Objective To evaluate the cost effectiveness of caregiver training by examining health and social care costs, informal care costs, and quality adjusted life years in care givers.
Design A single, blind, randomised controlled trial.
Setting Stroke rehabilitation unit.
Subjects 300 stroke patients and their care givers.
Interventions Caregiver training in basic nursing and facilitation of personal care techniques compared with no care giver training.
Main outcome measures Health and social care costs, informal care costs, and quality adjusted life years in care givers over one year after stroke.

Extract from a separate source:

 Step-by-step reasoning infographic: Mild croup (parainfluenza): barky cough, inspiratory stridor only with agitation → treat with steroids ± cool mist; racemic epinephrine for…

Results Total health and social care costs over one year for patients whose care givers received training were significantly lower (mean difference -£4043 ($7249; €6072), 95% confidence interval -£6544 to -£1595). Inclusion of informal care costs, which were similar between the two groups, did not alter this conclusion. The cost difference was largely due to differences in length of hospital stay. The EQ-5D did not detect changes in quality adjusted life years in care givers.
Conclusion Compared with no training, caregiver training during rehabilitation of patients reduced costs of care while improving overall quality of life in care givers at one year.

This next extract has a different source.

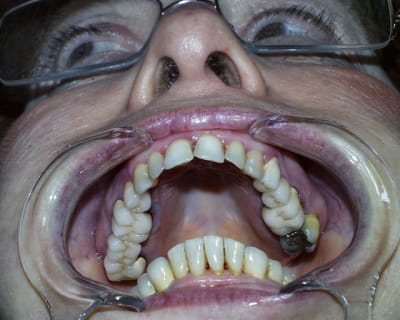 Pic00058 eh643w - Eugenol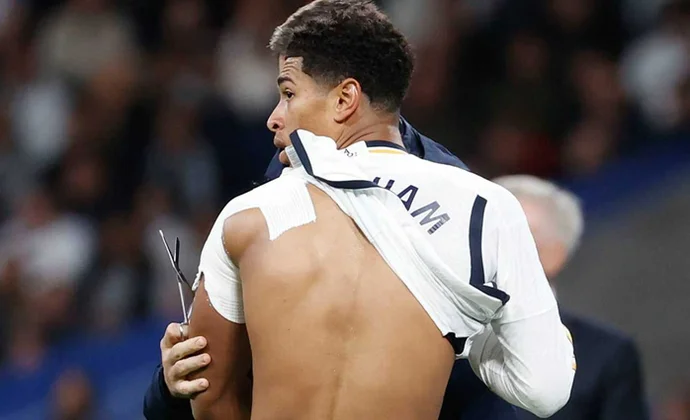 Jude Bellingham se operará hoy en Londres y estará un tiempo de baja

Informal care givers make an important contribution to supporting disabled stroke survivors at home, often at a great personal cost.1-5 The United Kingdom health and community care reforms of the 1990s seem to have done little to provide support for care givers6 but may have increased the burden of care.7 Studies on caregiver interventions show limited benefits; their cost effectiveness has not been evaluated.8 This study reports an economic evaluation of an intervention that entailed training care givers, carried out within a randomised controlled trial.9
Full details of the study design, subjects, ethical approval, randomisation, intervention, outcome assessment, and data analysis have been given previously.9 To summarise, 300 patients and their care givers were randomised to receive caregiver training and not to receive training, in addition to conventional care on a stroke rehabilitation unit. This training consisted of instruction in basic skills of moving and handling, facilitation of activities of daily living, and simple nursing tasks; care givers received training over three to five sessions, lasting for 30-45 minutes each, and a follow up session at home.

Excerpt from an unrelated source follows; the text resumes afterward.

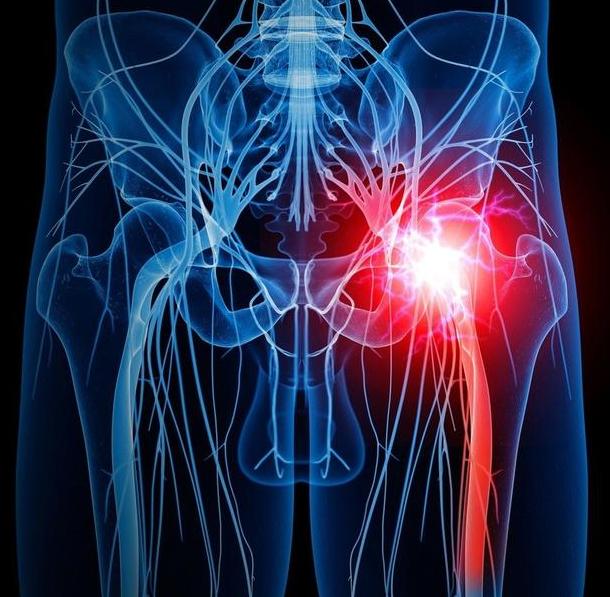 总是感觉腰疼腿酸怎么回事,腰疼屁股疼什么原因引起的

We used the EuroQol five-dimensional questionnaire (EQ-5D)10 at baseline, and at 4, 12, 26, and 52 weeks after stroke to carry out assessments. We imputed missing values for eight care givers with partially missing EQ-5D data by carrying forward the last value. We did not impute missing data if caregiver data were missing at all assessment points, if no caregiver data were available from week 4 assessment onwards (to avoid an upwards bias due to carrying forward baseline pre-stroke values), and if a patient died before the care giver's missing assessment. We applied utility weights from a UK general population survey11 to EQ-5D health states to calculate quality adjusted life years (QALYs). We assumed measures of health state at each assessment point to represent the time since the last assessment. We therefore multiplied QALYs for each assessment point by the relevant proportion of a year and summed these proportional tariffs to represent a complete year after onset of stroke. We examined QUALY outcomes in terms of change between baseline and week 52. As we anticipated decreases in quality of life between baseline and follow up, we made comparisons between groups based on minimising losses in QUALYs.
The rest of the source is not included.